Ah, see now what was on your mind. YES. Gets back to the standard old "where is the voltage drop?"
 
Ok since last post I've done a few more things but first I want to address some other comments or observations.

I have no charging problems what so ever, no dimming or blinking headlights with signal use. No bouncing amp meter to report. All gauges work properly.
This car is a 4 speed without console so no power running to anywhere except radio. The radio is much brighter and does adjust accordingly with the headlight switch also..
Yes I know the radio uses a different type bulb.
Yes I know I'm testing with the car off and not running, yes I know there are only four small bulbs but any other car (B-Body or E-body) I've owned after everything thing I've done here already would have been fixed.

So since last post I completely cleaned the fuse box with WD-40 and compressed air. I made the two Orange wires that leave the fuse box have a tight clean fit.

Testing at the fuse is has 12.20 across or should say either side. It has about 11.9 when switch is pulled out to parking light or headlight position.

Tried with power (Orange wire) only connected to one board at a time and either board is same dull brightness.
I will say after all this extra cleaning it is the brightest it has ever been but I really think it should give more.
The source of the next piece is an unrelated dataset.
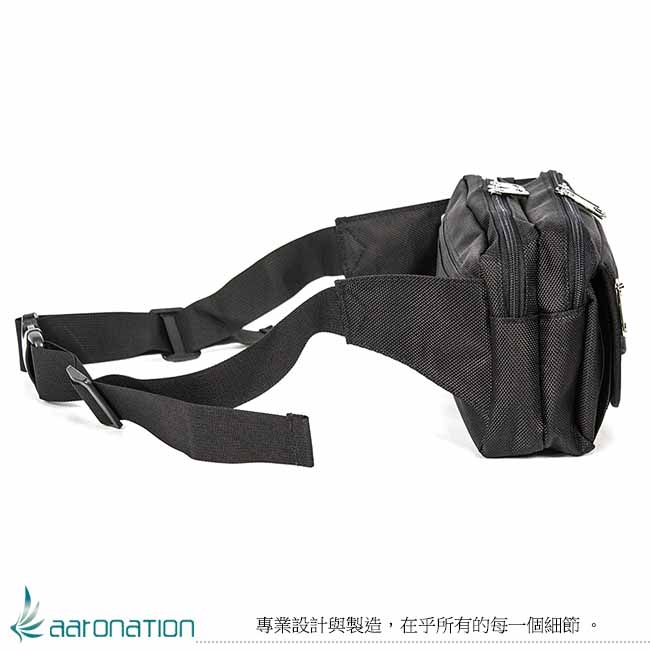 aaronation 愛倫國度 -BAIHO系列腰包URA-LD8854-黑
The only thing I don't have right now is a strap from the block to firewall. I do have the pigtail on Neg. cable to rad. support and the neg. cable to block.
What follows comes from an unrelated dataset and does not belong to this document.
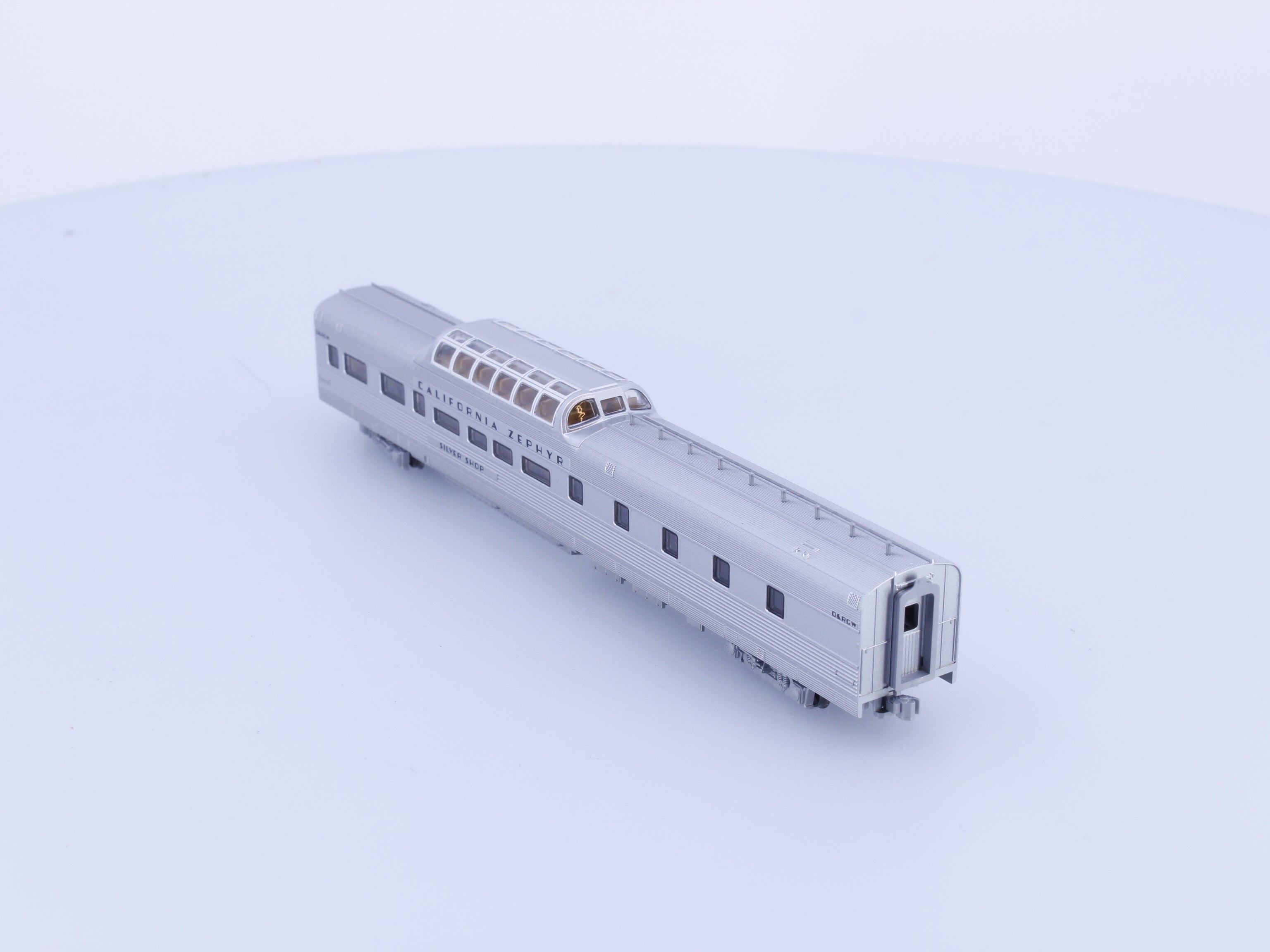 Kato CZDC N Dome Passenger Car California Zephyr Denver and Rio Grande Western (DRGW) Silver Shop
Since I ordered the LED's I'll try them and report back to you guys and add a ground strap to firewall.

Thanks for all the advice!!!
Ron
 
"Brightness" could be a very subjective term. Before you get much deeper as it seems you have gone through things pretty well, you might want to try it out in the dark to see how it looks, if you have not.
 
"Brightness" could be a very subjective term. Before you get much deeper as it seems you have gone through things pretty well, you might want to try it out in the dark to see how it looks, if you have not.
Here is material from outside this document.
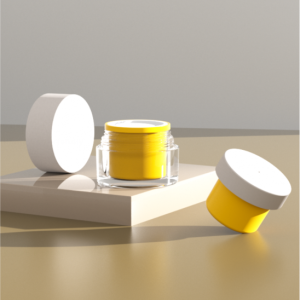 PCR Refillable PET cream Jar 50ml SKU: 612AA-JQ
Yep had the wife turn off the garage lights at testing times.
For now I'll add the ground strap to the firewall and wait for LED's to come.
Thanks
Ron
 
Just for ...... some guys have had very mixed results with LEDs

One thing you might do if you have not is check voltage TO the light switch. This comes from the fuse supplying the tail lights

Also, maybe you are aware, but you must check this stuff "under the load," that is, with lights turned up and working, etc.
 
OK wanted to update this thread once the LED's arrived.
I have to say they did the trick! The cluster is now double the brightness it was with new 194 bulbs in it.
It does have the slightest blue tint to it but I feel that's to be expected since they pass through the blue cups in the factory dash.

So for me this ended on a good note. These are the one's I bought of E-Bay

http://www.ebay.com/itm/331049925453?ssPageName=STRK:MEWNX:IT&_trksid=p3984.m1439.l2649


The only bad thing is since I pulled the cluster I figured might as well repaint the dash frame, rebuild the heater box and steering column.